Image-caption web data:
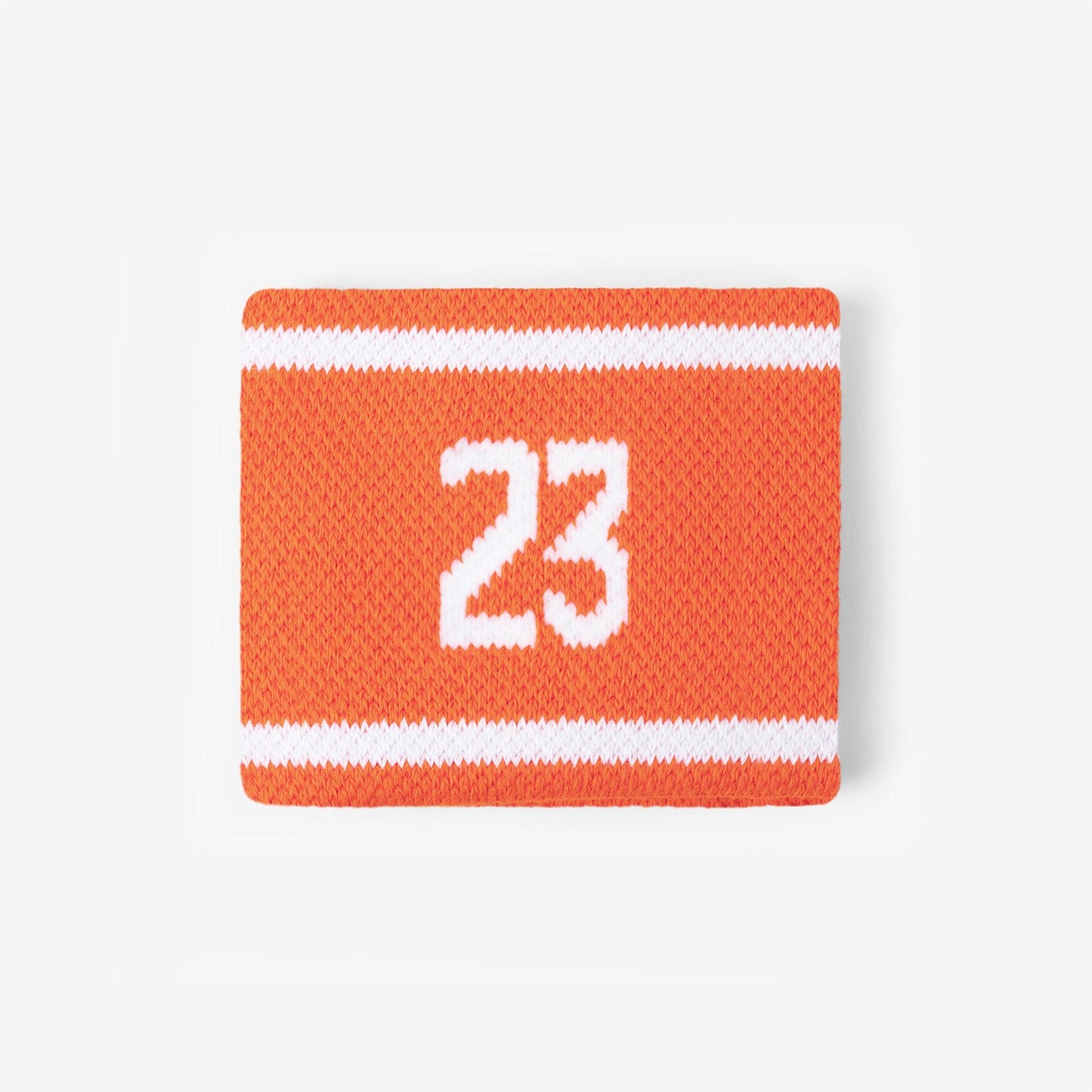 WRIST BAND - MAKO / NiziU『Nizi"U"niversity』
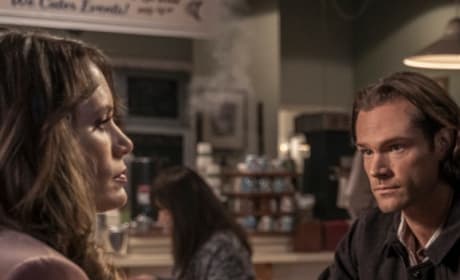 Supernatural s15e15 watch online store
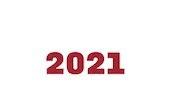 Class Of 2021 Sticker by EDHEC Business School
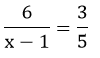 04025djs-bac8-100x58.png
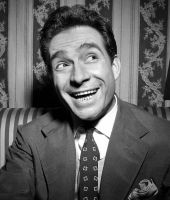 Ugo Tognazzi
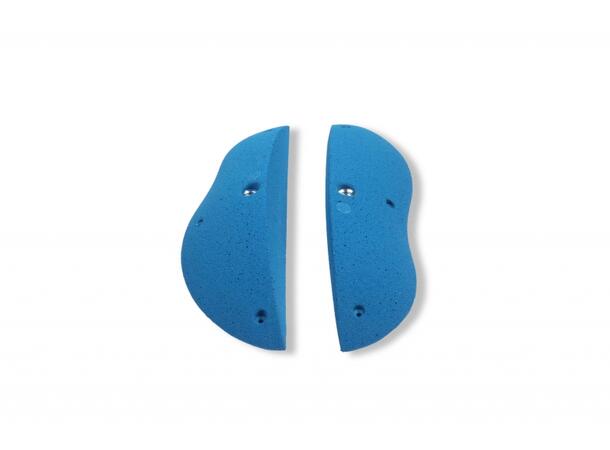 Lapis Edges 12 black XXL (2 tak)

Exercise goal
Although the records above contain pictures, only their text is to be repeated, exactly as given.

Response below
 WRIST BAND - MAKO / NiziU『Nizi"U"niversity』
 Supernatural s15e15 watch online store
 Class Of 2021 Sticker by EDHEC Business School
 04025djs-bac8-100x58.png
 Ugo Tognazzi
 Lapis Edges 12 black XXL (2 tak)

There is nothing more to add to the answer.